How is Yang Kee strategizing its growth regionally and globally?

Yang Kee is most comfortable dealing with more established, developed countries. Our experience in Oceania has been very positive and we now want to replicate that in the USA and Europe. A number of our MNC customers are based in these regions and thus we want to continue growing these relationships. Currently, our strength in the US is largely on international freight, and we seek to complement it by going into contract logistics there too. We believe US, the world’s largest economy, is also the next natural place to expand into. We want to capitalise on the key trade lanes to and from US, with US being a huge importer and exporter, and also tap on the opportunities in US with many of the MNC headquarters and decision making housed there. We do see strong trade links between the US, China, Europe and Oceania and these will be our focus for now with the possibility of expanding in the future. Regionally, we have presence in 11 other countries, and they are Australia, Malaysia, Thailand, Indonesia, Vietnam, Philippines, Cambodia, China, Hong Kong, New Zealand and the US, and we aim to continue building our networks there. 

What current opportunities do you see in the ASEAN logistics market?

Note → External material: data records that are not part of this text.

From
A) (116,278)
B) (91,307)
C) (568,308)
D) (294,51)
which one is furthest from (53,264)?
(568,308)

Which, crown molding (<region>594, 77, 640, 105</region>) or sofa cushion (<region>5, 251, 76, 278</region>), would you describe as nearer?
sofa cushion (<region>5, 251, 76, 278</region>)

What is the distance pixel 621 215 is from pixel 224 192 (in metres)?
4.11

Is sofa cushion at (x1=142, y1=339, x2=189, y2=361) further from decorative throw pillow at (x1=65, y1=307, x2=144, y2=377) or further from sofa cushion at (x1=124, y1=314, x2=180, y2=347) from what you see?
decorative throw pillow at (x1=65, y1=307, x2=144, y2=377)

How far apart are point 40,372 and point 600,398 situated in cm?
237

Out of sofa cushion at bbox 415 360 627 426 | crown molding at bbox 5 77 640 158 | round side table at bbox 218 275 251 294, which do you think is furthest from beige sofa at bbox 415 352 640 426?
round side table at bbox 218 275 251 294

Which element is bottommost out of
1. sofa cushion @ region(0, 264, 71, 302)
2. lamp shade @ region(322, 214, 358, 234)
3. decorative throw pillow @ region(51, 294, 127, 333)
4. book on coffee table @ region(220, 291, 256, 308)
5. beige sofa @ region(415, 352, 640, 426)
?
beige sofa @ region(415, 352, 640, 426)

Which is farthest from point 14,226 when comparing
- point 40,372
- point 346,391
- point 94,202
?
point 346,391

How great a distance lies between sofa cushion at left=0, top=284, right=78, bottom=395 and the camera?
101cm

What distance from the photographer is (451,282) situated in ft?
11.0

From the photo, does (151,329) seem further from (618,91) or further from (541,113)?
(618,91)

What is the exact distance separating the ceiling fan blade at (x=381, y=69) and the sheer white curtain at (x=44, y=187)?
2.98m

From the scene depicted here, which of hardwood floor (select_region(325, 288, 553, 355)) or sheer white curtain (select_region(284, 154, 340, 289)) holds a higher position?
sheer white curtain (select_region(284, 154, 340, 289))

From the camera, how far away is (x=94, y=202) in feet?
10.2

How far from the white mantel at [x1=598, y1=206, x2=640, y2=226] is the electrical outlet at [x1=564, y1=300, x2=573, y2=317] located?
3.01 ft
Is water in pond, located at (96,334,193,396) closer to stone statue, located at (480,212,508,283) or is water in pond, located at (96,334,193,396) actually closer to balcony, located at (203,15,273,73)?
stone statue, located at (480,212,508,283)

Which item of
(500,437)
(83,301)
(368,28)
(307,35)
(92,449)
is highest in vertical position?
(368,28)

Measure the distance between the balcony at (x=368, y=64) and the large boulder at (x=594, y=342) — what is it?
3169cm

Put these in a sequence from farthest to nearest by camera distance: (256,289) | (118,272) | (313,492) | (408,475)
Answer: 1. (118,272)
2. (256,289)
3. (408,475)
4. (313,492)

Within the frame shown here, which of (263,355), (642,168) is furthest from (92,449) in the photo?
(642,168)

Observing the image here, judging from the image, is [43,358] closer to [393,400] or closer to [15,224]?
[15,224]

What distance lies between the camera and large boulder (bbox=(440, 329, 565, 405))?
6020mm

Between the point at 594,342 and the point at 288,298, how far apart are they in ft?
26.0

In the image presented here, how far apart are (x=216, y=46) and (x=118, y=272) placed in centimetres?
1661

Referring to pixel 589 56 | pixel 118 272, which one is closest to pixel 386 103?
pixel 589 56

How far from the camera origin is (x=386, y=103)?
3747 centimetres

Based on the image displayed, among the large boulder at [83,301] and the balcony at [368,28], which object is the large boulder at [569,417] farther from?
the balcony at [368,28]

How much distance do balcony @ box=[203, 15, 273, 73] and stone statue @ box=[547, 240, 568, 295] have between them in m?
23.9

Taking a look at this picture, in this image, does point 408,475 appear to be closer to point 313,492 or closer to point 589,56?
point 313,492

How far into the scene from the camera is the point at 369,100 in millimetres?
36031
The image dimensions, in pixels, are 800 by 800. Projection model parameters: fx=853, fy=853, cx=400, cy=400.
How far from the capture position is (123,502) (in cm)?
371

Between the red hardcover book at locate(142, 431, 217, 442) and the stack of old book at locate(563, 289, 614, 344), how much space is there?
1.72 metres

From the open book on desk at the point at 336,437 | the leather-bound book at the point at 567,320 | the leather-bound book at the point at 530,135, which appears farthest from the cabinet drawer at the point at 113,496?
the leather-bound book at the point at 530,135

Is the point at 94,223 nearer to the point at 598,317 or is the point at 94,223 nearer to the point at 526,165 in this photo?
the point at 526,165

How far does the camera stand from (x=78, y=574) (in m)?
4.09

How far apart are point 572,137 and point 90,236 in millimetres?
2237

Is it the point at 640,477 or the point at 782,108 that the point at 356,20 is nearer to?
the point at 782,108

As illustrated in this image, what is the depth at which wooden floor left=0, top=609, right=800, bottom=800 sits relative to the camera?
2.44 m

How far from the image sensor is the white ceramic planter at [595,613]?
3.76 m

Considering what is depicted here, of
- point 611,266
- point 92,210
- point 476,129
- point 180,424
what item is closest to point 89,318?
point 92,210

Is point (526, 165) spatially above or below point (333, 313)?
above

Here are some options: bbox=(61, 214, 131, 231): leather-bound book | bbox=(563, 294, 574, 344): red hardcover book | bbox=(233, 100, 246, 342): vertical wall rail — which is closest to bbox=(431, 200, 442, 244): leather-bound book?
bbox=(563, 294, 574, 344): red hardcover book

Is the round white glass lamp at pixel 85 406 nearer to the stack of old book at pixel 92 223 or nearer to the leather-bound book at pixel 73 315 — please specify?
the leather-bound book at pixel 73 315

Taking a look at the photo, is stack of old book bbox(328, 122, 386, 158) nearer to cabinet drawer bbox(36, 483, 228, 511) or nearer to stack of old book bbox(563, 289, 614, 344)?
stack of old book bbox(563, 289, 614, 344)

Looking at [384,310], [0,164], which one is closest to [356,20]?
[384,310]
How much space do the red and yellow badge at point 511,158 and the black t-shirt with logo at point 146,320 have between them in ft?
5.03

The chemicals industry continues to grow in the region and I do see companies starting to increase their production capabilities in other ASEAN countries. There is also a growing middle class in the region, and this had led to increase demand for specialty chemicals. Generally Southeast Asia will see an increase in the requirements for petrochemicals logistics but currently their infrastructures do not support dangerous goods storage facilities – it is a scarce commodity in some of these markets such as Vietnam and Malaysia. The problem lies in the lack of regulations being enforced. The supply has not matched the demand with respect to dangerous goods storage facilities in the developing nations of ASEAN and this represents a great opportunity for Yang Kee.

What is your vision for Yang Kee going forward?

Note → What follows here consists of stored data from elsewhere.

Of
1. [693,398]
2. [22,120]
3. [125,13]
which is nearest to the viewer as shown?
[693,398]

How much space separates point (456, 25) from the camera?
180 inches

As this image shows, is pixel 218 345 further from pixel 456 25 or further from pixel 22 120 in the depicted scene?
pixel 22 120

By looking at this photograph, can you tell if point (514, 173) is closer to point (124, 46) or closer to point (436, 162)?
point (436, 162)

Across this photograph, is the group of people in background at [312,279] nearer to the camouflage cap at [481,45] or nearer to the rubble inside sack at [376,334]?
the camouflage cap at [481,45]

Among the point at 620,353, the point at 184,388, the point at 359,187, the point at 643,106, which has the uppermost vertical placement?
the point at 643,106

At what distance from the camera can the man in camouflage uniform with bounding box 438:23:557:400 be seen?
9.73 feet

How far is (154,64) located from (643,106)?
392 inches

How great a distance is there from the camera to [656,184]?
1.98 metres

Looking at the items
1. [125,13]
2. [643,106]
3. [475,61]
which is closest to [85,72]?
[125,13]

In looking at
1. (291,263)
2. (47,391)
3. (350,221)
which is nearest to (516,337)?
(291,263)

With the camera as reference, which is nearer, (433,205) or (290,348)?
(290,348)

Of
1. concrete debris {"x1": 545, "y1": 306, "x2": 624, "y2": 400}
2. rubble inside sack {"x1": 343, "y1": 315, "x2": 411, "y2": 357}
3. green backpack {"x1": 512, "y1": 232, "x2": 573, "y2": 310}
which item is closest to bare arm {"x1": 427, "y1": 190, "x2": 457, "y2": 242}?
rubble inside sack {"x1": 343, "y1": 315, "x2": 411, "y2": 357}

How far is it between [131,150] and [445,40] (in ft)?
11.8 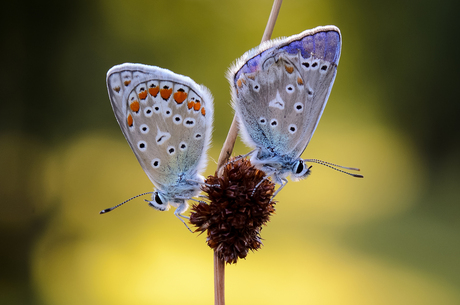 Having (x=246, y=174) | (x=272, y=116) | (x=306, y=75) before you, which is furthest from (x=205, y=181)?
(x=306, y=75)

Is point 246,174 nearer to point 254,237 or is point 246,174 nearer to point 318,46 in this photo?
point 254,237

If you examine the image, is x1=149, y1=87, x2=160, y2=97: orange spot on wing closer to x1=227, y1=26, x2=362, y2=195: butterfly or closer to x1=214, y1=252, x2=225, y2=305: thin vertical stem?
x1=227, y1=26, x2=362, y2=195: butterfly

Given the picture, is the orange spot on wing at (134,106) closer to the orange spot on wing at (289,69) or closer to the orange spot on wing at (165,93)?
the orange spot on wing at (165,93)

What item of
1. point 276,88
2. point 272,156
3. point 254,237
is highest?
point 276,88

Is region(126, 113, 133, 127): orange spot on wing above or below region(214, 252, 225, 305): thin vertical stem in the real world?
above

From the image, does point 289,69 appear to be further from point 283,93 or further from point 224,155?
point 224,155

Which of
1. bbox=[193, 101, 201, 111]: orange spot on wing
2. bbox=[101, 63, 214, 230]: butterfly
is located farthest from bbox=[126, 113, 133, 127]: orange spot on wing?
bbox=[193, 101, 201, 111]: orange spot on wing

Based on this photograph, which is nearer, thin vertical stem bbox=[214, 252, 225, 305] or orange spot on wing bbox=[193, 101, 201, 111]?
thin vertical stem bbox=[214, 252, 225, 305] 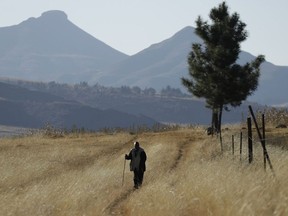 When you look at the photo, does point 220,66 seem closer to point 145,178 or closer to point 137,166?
point 145,178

We are currently the largest homegrown logistics provider in Singapore, and have grown rapidly from an SME in Singapore to a regional player in the last few years. The next step for us is to grow into a company of international standing. We are achieving this through our recent acquisitions and the next two regions we will look to enter, either organically or through acquisitions, will be the USA and Europe. In the coming months, Yang Kee will be looking at yielding greater synergies from the network integration of shared international freight volumes between Fliway and Axima and cross selling opportunities in their combined customer bases to Asia.

As we continue to expand and grow globally, we are also mindful that we want to retain our agility, flexibility and nimbleness so as to respond quickly to the market and to our customers’ needs. I would also like to see us deepening our core strength in petrochemicals both in Singapore and the ASEAN region as well as further expansion into healthcare and lifestyle logistics.